Under the legislation, stewardship of the affected parts of Rosebud Creek would fall to the U.S. Forest Service. It would cost less than $500,000, according to a Congressional Budget Office estimate from April 2017.
The 20 miles of water the legislation seeks to protect is made up of two smaller segments of the East Rosebud Creek. One portion is a 13-mile segment on public land within the Custer National Forest, with a source in the Absaroka Beartooth Wilderness. The section includes the point at which the creek enters East Rosebud Lake, including the stream between Twin Outlets Lake and Fossil Lake.
The second portion of the the creek is a 7-mile segment, also on Custer National Forest public land, and is described in the bill as “immediately below, but not including, the outlet of East Rosebud Lake downstream to the point at which the Creek enters private property for the first time.”
Daines said he on Tuesday asked Energy and National Resources committee chair Sen. Lisa Murkowski and ranking committee Democrat Maria Cantwell to help the East Rosebud Wild and Scenic Rivers Act pass Wednesday night. Tester said he also spoke with Cantwell recently and credited her with helping the bill pass.
The bill passed by consent at around 4 p.m. Wednesday.
Speaking about the bill’s passage, Daines emphasized his happiness at the bipartisan work behind it.
“You don’t always hear about people cooperating with people from other parties and getting things done,” Daines said. “That’s good news for Montana and good news for America. In the polarized world of politics, it’s a great thing to get this done.”

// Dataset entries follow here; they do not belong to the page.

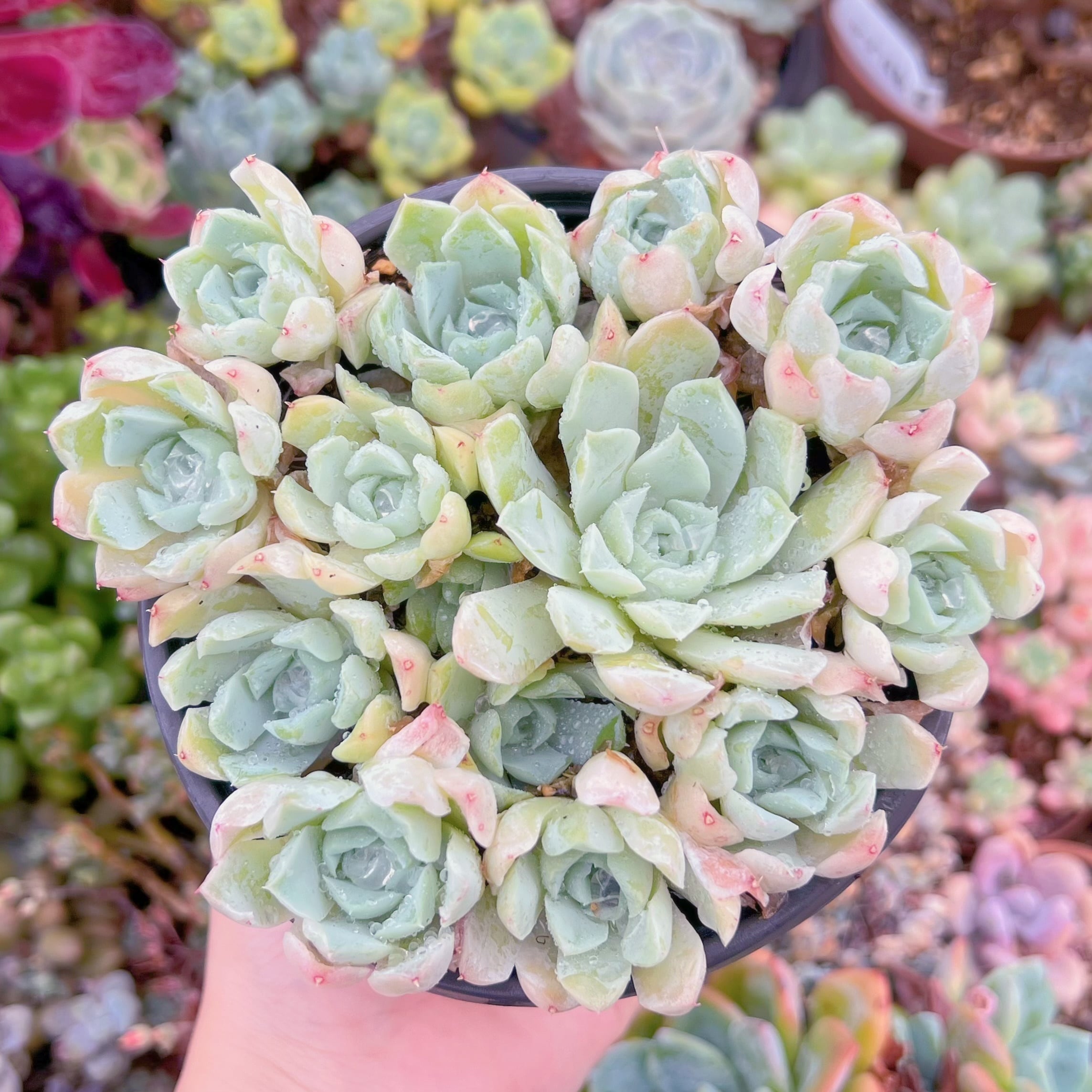 現品　 薔薇月影#794　古株　るる農園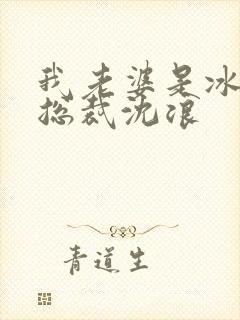 我老婆是冰山女总裁沈浪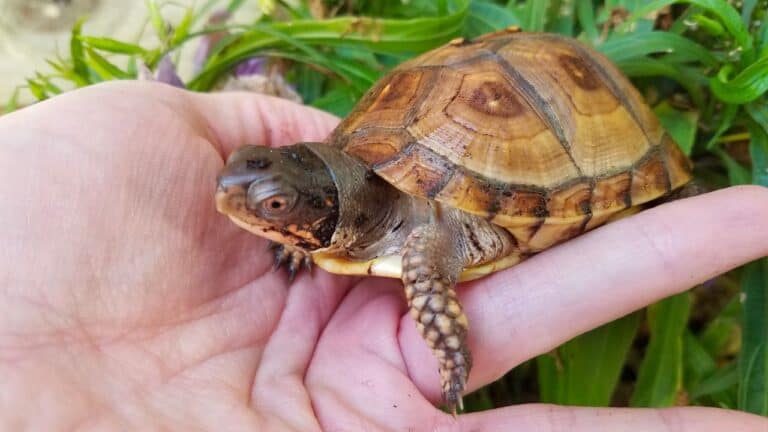 box turtle on hand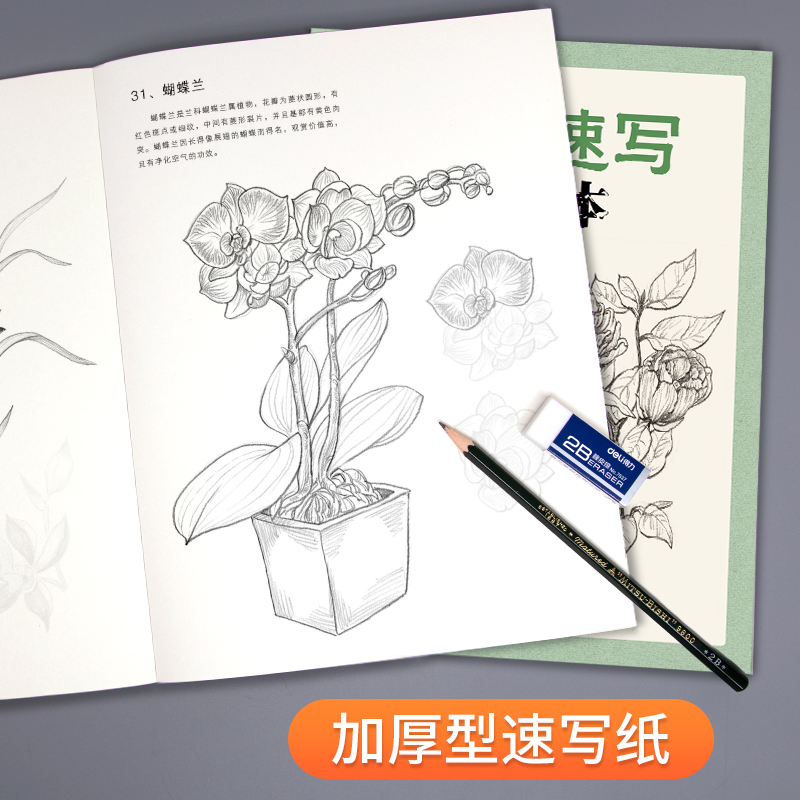 经典全集 花卉速写描摹本 零基础画画入门新手自学教程书籍线描花卉临摹手绘初学者学绘画教材铅笔画素描速写描摹画稿美院名师范画 - 图2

A second piece of legislation affecting Montana land was also passed Wednesday. The Alex Diekmann Peak Designation Act of 2017, sponsored by Daines and co-sponsored by Tester, seeks to name 9,765-foot peak in the Madison Range after Diekmann, a Bozeman-area conservationist.
The peak is located roughly 2 miles northwest of Finger Mountain on the western boudnary of the Lee Metcalf Wilderness, according to the text of the bill.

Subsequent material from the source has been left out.